Allan Turpin, maire d'Andres (Pas-de-Calais)

à franceinfo

Allan Turpin mène ce combat depuis son arrivée dans la commune d'Andres en 2006, année d'une inondation alors que sa maison était en construction. "Nous sommes sur des polders. Sur ma commune, nous sommes passés de 100 à 500 maisons en quelques décennies, sauf que le système d'évacuation hydraulique vers la mer n'a pas évolué", poursuit-il. 

A la tête de l'association "Stop inondations Pas-de-Calais", lancée après l'épisode catastrophique de novembre, il fait la visite du canal des Pierrettes, un exutoire qui relie la rivière Neuve à la mer. Ici, explique-t-il, "l'an passé, des agriculteurs ont déjà retiré 1,20 m de vase", pour montrer que l'ouvrage n'était pas entretenu. Il dénonce également un rétrécissement des berges, qui réduit le volume drainé, et l'apparition de branchages obstruant les ouvrages.

Allan Turpin, maire d'Andres et président de l'association "Stop inondations Pas-de-Calais", devant une station de pompage à Calais, le 5 janvier 2024. (FABIEN MAGNENOU / FRANCEINFO)

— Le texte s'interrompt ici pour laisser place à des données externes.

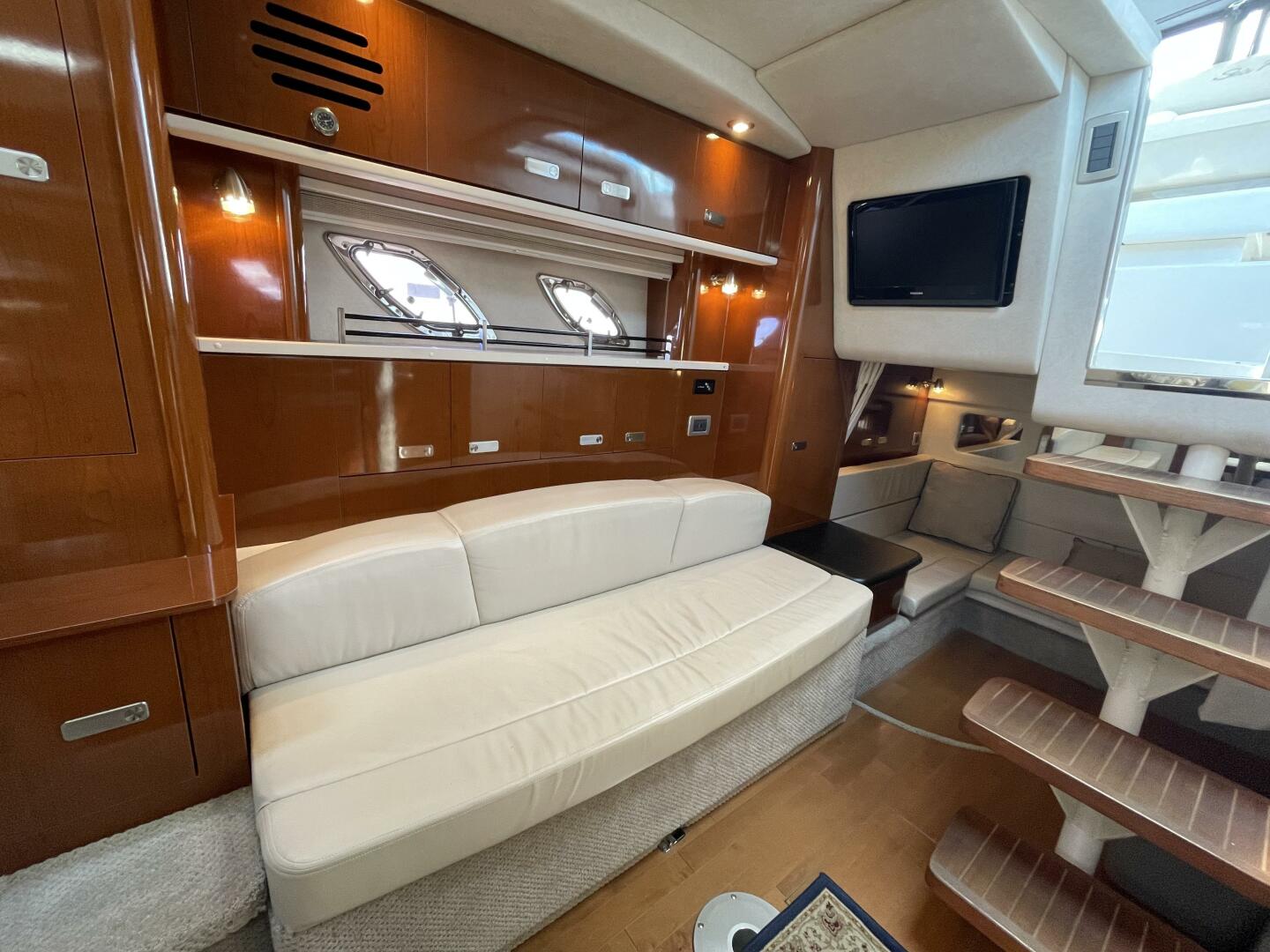 33ft Sea Ray Yacht For Sale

"En 2022, il nous a été confié 140 kilomètres de canaux de ce type-là, dans un état déplorable, lui rétorque Bertrand Ringot, président de l'IIW. Nous voyons bien la tâche immense. Mais pour le moment, nous attendons avant de les accepter, car sans revenus dédiés, je suis incapable de les entretenir".

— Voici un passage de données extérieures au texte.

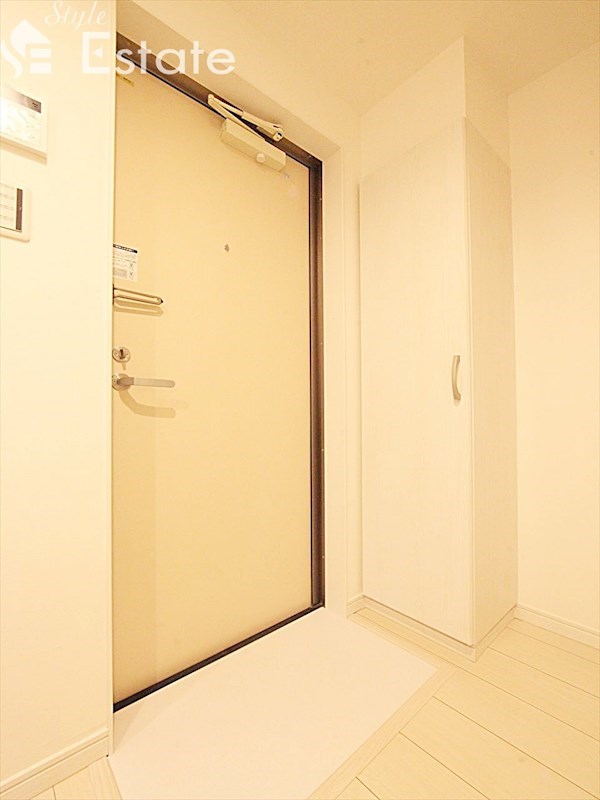 玄関　玄関　シューズボックス付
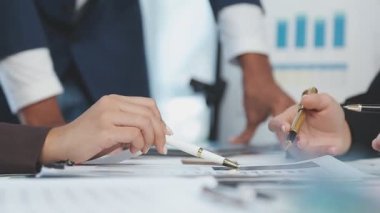 Modern ofiste iş ekibi toplantısı ve tartışması. Kapatın.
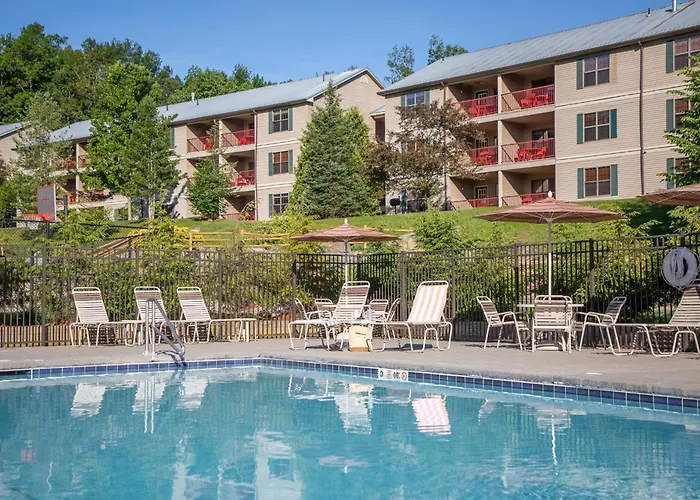 Holiday Inn Club Vacations Oak N Spruce Resort In The Berkshires Lee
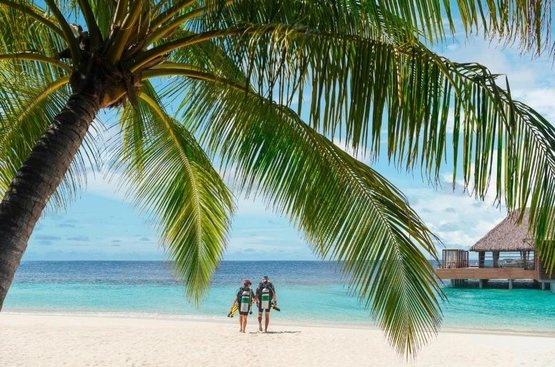 Мальдіви W Maldives Retreat & Spa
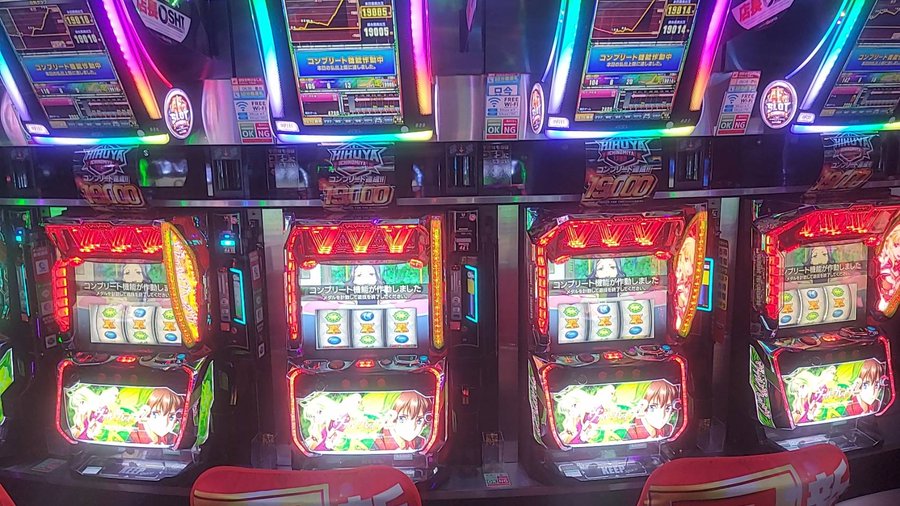 【日本記録】 ヴヴヴ２で４台並びでコンプリート キクヤ春日井店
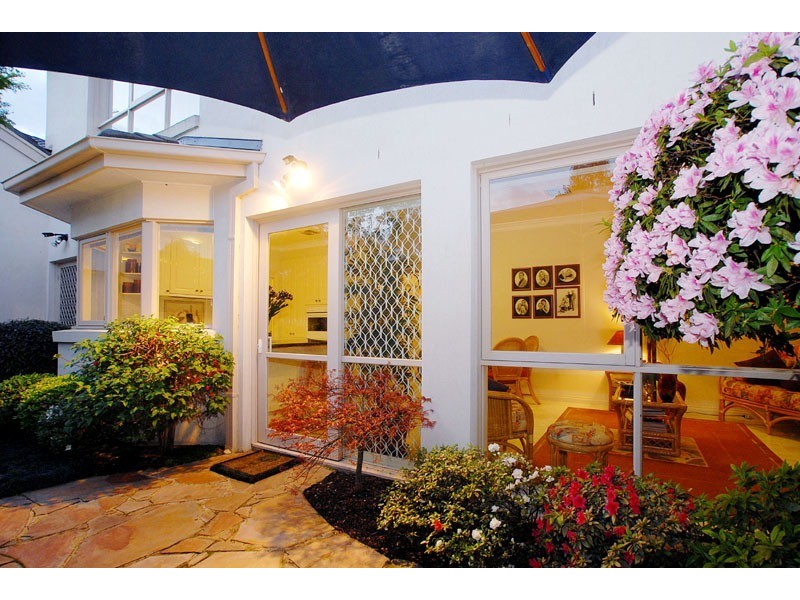 2/6 Janine Court, Doncaster East VIC 3109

"Nous avons une capacité de pompage de 100 m3 par seconde, opérationnelle à 90% car nous avons du mal à réparer une pompe ancienne, faute de pièces", argumente Bertrand Ringot, alors que la question du pompage est régulièrement pointée du doigt. Le maire de Gravelines dit avoir remplacé, depuis son arrivée, quatre pompes installées à côté de la mer, à Mardyck, mais réclame davantage de moyens pour assurer sa mission. 

La situation, d'ailleurs, pourrait encore se compliquer à l'avenir. "Actuellement, sur 2 m3 évacués, la moitié s'écoule par gravité et l'autre avec des pompes. Mais avec le réchauffement climatique, le niveau de la mer risque de monter et de diminuer la possibilité d'évacuer en gravitaire." Allan Turpin, lui, menace de porter plainte contre X pour dénoncer la gestion de l'eau. Au téléphone avec la sous-préfecture, l'élu demande à rencontrer le ministre de la Transition écologique Christophe Béchu, lors de sa prochaine visite. L'occasion de voir déferler une nouvelle vague. De critiques, cette fois.